Our analytics database uses a clustered shared-nothing architecture with many sophisticated internal mechanisms delivering outstanding performance. All without the need for much admin. But getting the distribution of rows between cluster nodes right is one of the few critical tasks left.
Let’s say there are two tables – t1 and t2:
The two tables are joined on the JoinCol column. WHERE conditions for filtering are done with the WhereCol column. Other columns aren’t shown to keep the sketches small and simple.
Say these two tables are stored on a three-node cluster. Again, for simplicity only active nodes are displayed – reserve or license nodes aren’t shown. Let’s also ignore the fact that small tables will be replicated across all active nodes.

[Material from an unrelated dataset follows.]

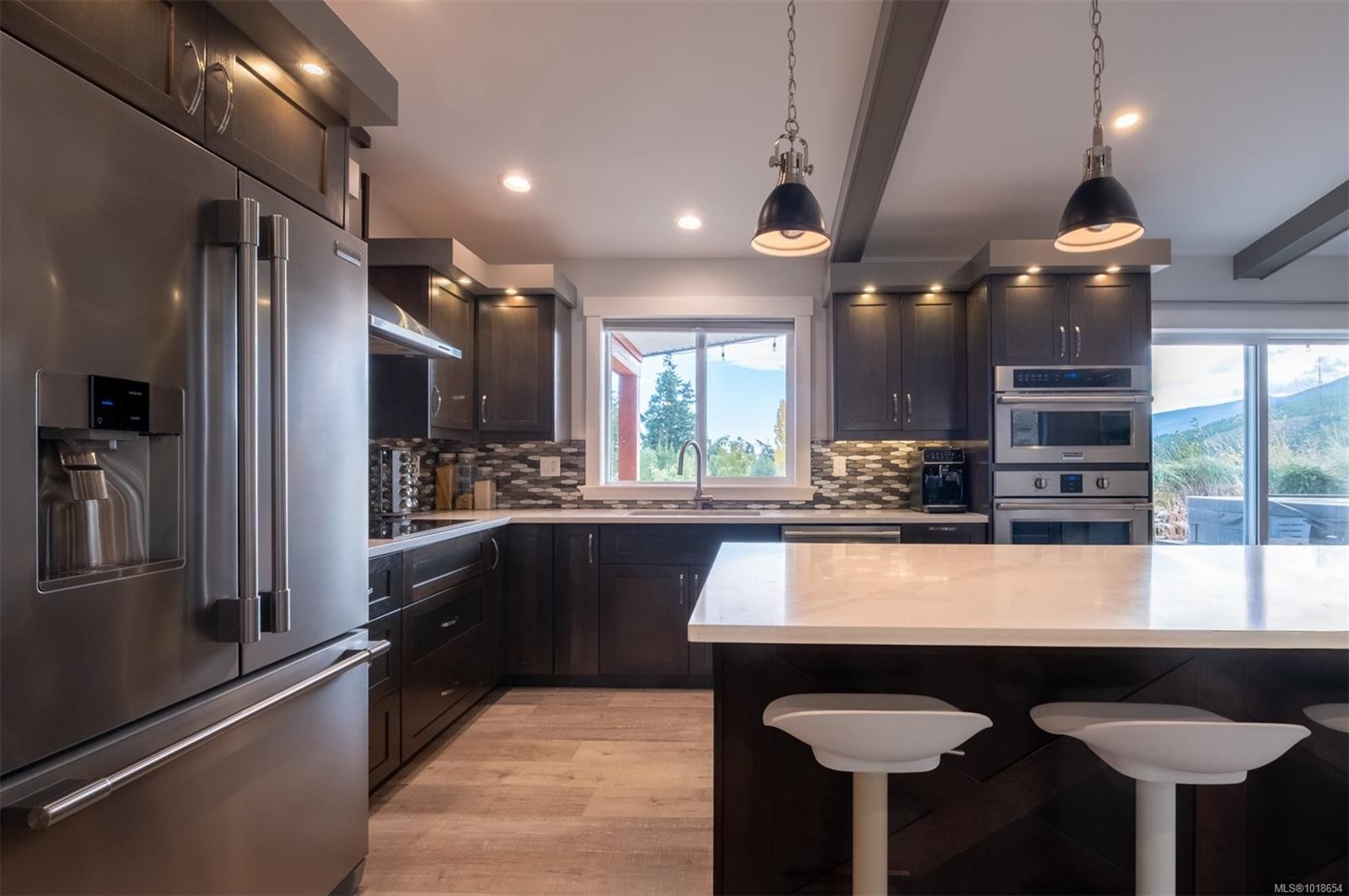 1700 Warn Way, Qualicum Beach, BC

What happens if no distribution key is specified?
Without specifying a distribution key, the table rows are distributed at random across the nodes:
Global joins in the absence of proper distribution keys
The tables are then joined:
SELECT FROM t1 JOIN t2 ON t1.JoinCol = t2.JoinCol;
This is processed internally as a global join. This means network communication is needed between the nodes on behalf of the join because some rows don’t find local join partners on the same node:
Distribution on join columns: local joins
If the two tables were distributed on their join columns with statements such as:
ALTER TABLE t1 DISTRIBUTE BY JoinCol; ALTER TABLE t2 DISTRIBUTE BY JoinCol;
the same query can be processed internally as a local join:
Every row finds a local join partner on the same node. This requires no network communication between the nodes on behalf of the join. The performance with a local join is much better than with a global join although the statement remains the same.

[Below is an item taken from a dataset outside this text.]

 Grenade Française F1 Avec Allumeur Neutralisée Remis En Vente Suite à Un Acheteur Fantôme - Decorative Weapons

Why shouldn’t you distribute on WHERE columns?
It’s generally a good idea to distribute on Join columns. However, it’s a bad idea to distribute on columns used for filtering with WHERE conditions. If both tables had been distributed on WhereCol columns, you’d see this:
The distribution is worse than the initial random distribution. Not only does this cause global joins between the two tables as explained, but statements like:
<Any DQL or DML> WHERE t2.WhereCol='A';
will use only one node – the first with this WHERE condition. This effectively disables one of our analytics database’s strengths, the massive parallel processing (MPP) functionality. This distribution leads to poor performance because all other nodes in the cluster stand by idle while one node does all the work.
Focus: existing distribution with iproc()
The function iproc() helps investigate the existing distribution of rows across cluster nodes. This statement shows the distribution of the t1 table:
SELECT iproc(),COUNT(*) FROM t1 GROUP BY 1 ORDER BY 1;
The effect of distribution keys with value2proc()
Use the function value2proc() to display the effect of a – new – distribution key:
SELECT home_node,COUNT(*) FROM (SELECT value2proc(JoinCol) AS home_node FROM t1) GROUP BY 1 ORDER BY 1;
Distribution on Join columns leads to local joins that perform better than global ones – keep doing it.
Distribution on Where columns leads to global joins and disable the MPP functionality, both delivering poor performance – avoid doing it.